WASHINGTON — Did the United States err in bombing the Taliban from power and sending combat troops to chase Osama bin Laden into the Afghan wilds? The question will not even occur to most Americans. But the vision that the Afghanistan campaign will come to haunt the United States is alive and well abroad, and not just among anti-American zealots.
It comes as well from erudite Britons and other Europeans. The "ferocious" American bombing of Afghanistan "is more likely to intensify terrorism than abate it," Simon Jenkins predicted in a year-end column in The Times of London. He suggested that Americans had substituted "crude justice" for "wise justice" and expressed doubt that the campaign would "indeed enhance stability and a respect for justice in the region concerned and in the wider world."
These are serious concerns deserving a serious response. They point to problems that lie in wait for the Bush administration as it extends the hunt for bin Laden and his al Qaeda gang outside Afghanistan. They also underline the reality that Washington cannot take for granted the gains in American credibility the campaign has achieved thus far.
The administration’s first efforts to explain America’s response to Sept. 11 were necessarily mechanical and focused on Central Asia and the Middle East. Information centers were opened in different time zones and U.S. officials rushed onto Arab television to counter extremist propaganda.

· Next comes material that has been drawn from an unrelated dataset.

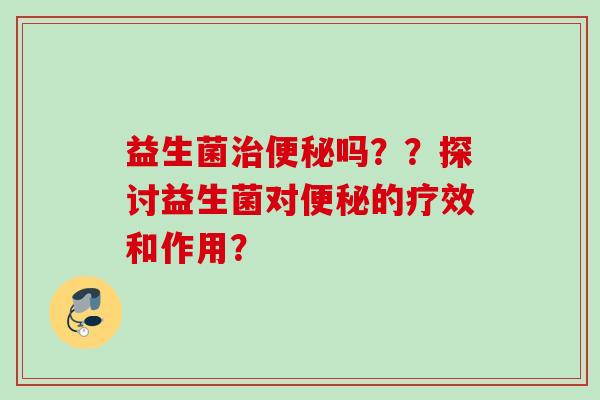 益生菌吗??探讨益生菌对的疗效和作用? 益生菌吗??探讨益生菌对的疗效和作用?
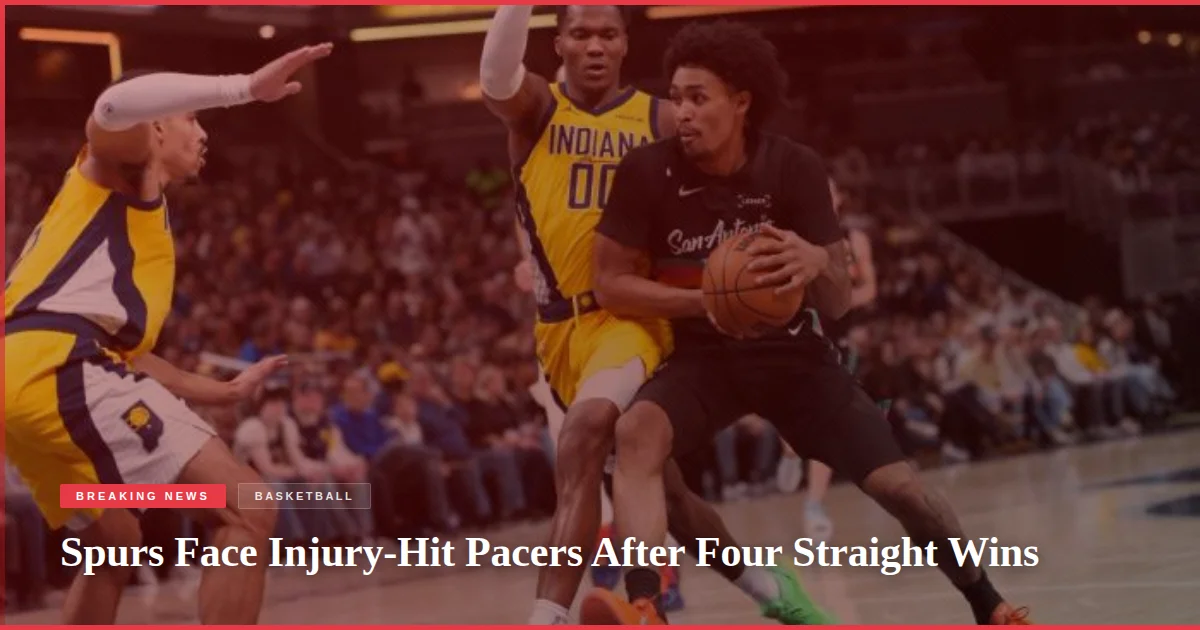 Spurs Face Injury-Hit Pacers After Four Straight Wins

But more important than the hearts-and-minds effort was the effective use of U.S. military power. If the bombing did not enhance global respect for justice — a tall order for a blunt instrument like military force, and not an objective ever embraced by the Bush administration — it temporarily enhanced global respect for America’s prowess and determination.
In a column devoted to misjudgments of 2001, Jenkins stoically acknowledged that he like many others abroad (and not only abroad) got the war wrong. "The Taliban were too weak to be strengthened" by reaction to U.S. bombing, as he predicted. His advice to Washington to rely on diplomacy and isolation of the Taliban and al Qaeda instead of force turned out to be, as the British might say, misplaced.
But he then goes on to voice what seem to be widespread expectations abroad that the United States will yet squander its gains. The bombing, he asserts, erased "the upsurge of sympathy" for America, which has now been replaced by "a traditional fear of its power."
Europeans are conditioned by their own failures in Central Asia to think that American efforts can fare no better. But they also understand that intervention — even as a last resort to remove a dangerous menace — earns no lasting gratitude for the intervening power. It is hard for Americans, who not only want but expect to be liked abroad, to accept something Europeans understand instinctively from their long history: Gratitude in these matters is highly ephemeral and more related to favors to come than actions just taken.
Americans also should understand that perceptions abroad of Operation Enduring Freedom are colored and distorted by the lingering echoes of past uses of U.S. power, from Vietnam to Grenada to Kosovo.
Military power was used more responsibly in the Afghan campaign than it has been in any modern war — because it could be. Advances in the precision of U.S. weapons enabled pilots and target planners to limit civilian casualties significantly when compared with the past. In this campaign, avoiding American losses was not the only thing that mattered.
No war is error-free or lacking in tragedy. But the Bush administration should now define more clearly to the world how Afghanistan differs from past U.S. actions abroad and what that means for the future. Attention and effort must now shift from the narrow hearts-and-minds approach to articulating the substance of the American reconnection to the world post-Sept. 11. Washington must show that its actions in Afghanistan signify more than vengeance.
That means enlisting more effectively America’s allies in a global campaign to contain terrorism and counter its underlying causes. The barely disguised U.S. military unilateralism of the Afghan campaign was necessary. But now Washington needs to make a conceptual adjustment, to recall how joint commands helped win World War II, and how the Nuremberg trials brought other nations into the prosecution and judging of war criminals.
Otherwise the war on terrorism will turn the United States into the lonely and beleaguered global policeman this nation must not become. "This time … I most fervently wish myself wrong," Jenkins wrote in projecting such an unhappy fate. Me, too, Simon. Americans should work hard to keep his string of misjudgments going.